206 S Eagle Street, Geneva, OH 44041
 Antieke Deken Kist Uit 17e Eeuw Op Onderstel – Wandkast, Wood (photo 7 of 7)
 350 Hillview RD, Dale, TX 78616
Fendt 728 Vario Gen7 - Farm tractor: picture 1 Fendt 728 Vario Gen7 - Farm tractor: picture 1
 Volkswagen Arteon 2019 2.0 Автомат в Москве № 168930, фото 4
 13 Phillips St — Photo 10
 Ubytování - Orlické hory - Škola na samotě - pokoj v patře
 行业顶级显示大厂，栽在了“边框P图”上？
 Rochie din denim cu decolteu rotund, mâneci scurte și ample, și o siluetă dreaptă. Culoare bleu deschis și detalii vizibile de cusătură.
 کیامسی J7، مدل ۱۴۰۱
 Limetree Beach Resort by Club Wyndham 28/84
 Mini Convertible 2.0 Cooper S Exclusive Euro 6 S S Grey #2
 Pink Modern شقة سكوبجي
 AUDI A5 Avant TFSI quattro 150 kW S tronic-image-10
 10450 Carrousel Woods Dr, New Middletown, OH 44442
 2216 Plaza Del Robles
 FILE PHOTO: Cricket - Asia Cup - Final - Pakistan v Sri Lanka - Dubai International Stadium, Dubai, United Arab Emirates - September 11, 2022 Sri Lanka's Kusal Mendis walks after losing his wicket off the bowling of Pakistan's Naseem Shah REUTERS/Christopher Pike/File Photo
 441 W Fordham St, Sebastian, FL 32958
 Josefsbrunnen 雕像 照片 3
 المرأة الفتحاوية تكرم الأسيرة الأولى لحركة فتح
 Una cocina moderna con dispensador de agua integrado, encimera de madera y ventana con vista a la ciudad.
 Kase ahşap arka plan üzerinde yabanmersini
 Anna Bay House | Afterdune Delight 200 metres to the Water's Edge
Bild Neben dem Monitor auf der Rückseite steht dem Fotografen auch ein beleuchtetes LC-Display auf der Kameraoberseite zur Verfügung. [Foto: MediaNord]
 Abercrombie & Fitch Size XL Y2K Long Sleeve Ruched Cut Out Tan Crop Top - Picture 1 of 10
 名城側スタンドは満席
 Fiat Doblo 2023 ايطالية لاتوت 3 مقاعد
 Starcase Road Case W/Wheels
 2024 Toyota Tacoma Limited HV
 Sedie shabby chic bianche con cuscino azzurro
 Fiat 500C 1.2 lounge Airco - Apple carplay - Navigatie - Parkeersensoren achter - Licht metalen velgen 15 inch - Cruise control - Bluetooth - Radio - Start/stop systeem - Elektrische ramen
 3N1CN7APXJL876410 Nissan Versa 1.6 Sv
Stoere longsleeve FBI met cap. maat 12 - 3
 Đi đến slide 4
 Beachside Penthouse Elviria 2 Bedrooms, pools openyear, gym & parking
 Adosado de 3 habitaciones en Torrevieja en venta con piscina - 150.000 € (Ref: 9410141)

● ● ● ● ● ● ●

Each line of the listing is to be output verbatim.

206 S Eagle Street, Geneva, OH 44041
 Antieke Deken Kist Uit 17e Eeuw Op Onderstel – Wandkast, Wood (photo 7 of 7)
 350 Hillview RD, Dale, TX 78616
Fendt 728 Vario Gen7 - Farm tractor: picture 1 Fendt 728 Vario Gen7 - Farm tractor: picture 1
 Volkswagen Arteon 2019 2.0 Автомат в Москве № 168930, фото 4
 13 Phillips St — Photo 10
 Ubytování - Orlické hory - Škola na samotě - pokoj v patře
 行业顶级显示大厂，栽在了“边框P图”上？
 Rochie din denim cu decolteu rotund, mâneci scurte și ample, și o siluetă dreaptă. Culoare bleu deschis și detalii vizibile de cusătură.
 کیامسی J7، مدل ۱۴۰۱
 Limetree Beach Resort by Club Wyndham 28/84
 Mini Convertible 2.0 Cooper S Exclusive Euro 6 S S Grey #2
 Pink Modern شقة سكوبجي
 AUDI A5 Avant TFSI quattro 150 kW S tronic-image-10
 10450 Carrousel Woods Dr, New Middletown, OH 44442
 2216 Plaza Del Robles
 FILE PHOTO: Cricket - Asia Cup - Final - Pakistan v Sri Lanka - Dubai International Stadium, Dubai, United Arab Emirates - September 11, 2022 Sri Lanka's Kusal Mendis walks after losing his wicket off the bowling of Pakistan's Naseem Shah REUTERS/Christopher Pike/File Photo
 441 W Fordham St, Sebastian, FL 32958
 Josefsbrunnen 雕像 照片 3
 المرأة الفتحاوية تكرم الأسيرة الأولى لحركة فتح
 Una cocina moderna con dispensador de agua integrado, encimera de madera y ventana con vista a la ciudad.
 Kase ahşap arka plan üzerinde yabanmersini
 Anna Bay House | Afterdune Delight 200 metres to the Water's Edge
Bild Neben dem Monitor auf der Rückseite steht dem Fotografen auch ein beleuchtetes LC-Display auf der Kameraoberseite zur Verfügung. [Foto: MediaNord]
 Abercrombie & Fitch Size XL Y2K Long Sleeve Ruched Cut Out Tan Crop Top - Picture 1 of 10
 名城側スタンドは満席
 Fiat Doblo 2023 ايطالية لاتوت 3 مقاعد
 Starcase Road Case W/Wheels
 2024 Toyota Tacoma Limited HV
 Sedie shabby chic bianche con cuscino azzurro
 Fiat 500C 1.2 lounge Airco - Apple carplay - Navigatie - Parkeersensoren achter - Licht metalen velgen 15 inch - Cruise control - Bluetooth - Radio - Start/stop systeem - Elektrische ramen
 3N1CN7APXJL876410 Nissan Versa 1.6 Sv
Stoere longsleeve FBI met cap. maat 12 - 3
 Đi đến slide 4
 Beachside Penthouse Elviria 2 Bedrooms, pools openyear, gym & parking
 Adosado de 3 habitaciones en Torrevieja en venta con piscina - 150.000 € (Ref: 9410141)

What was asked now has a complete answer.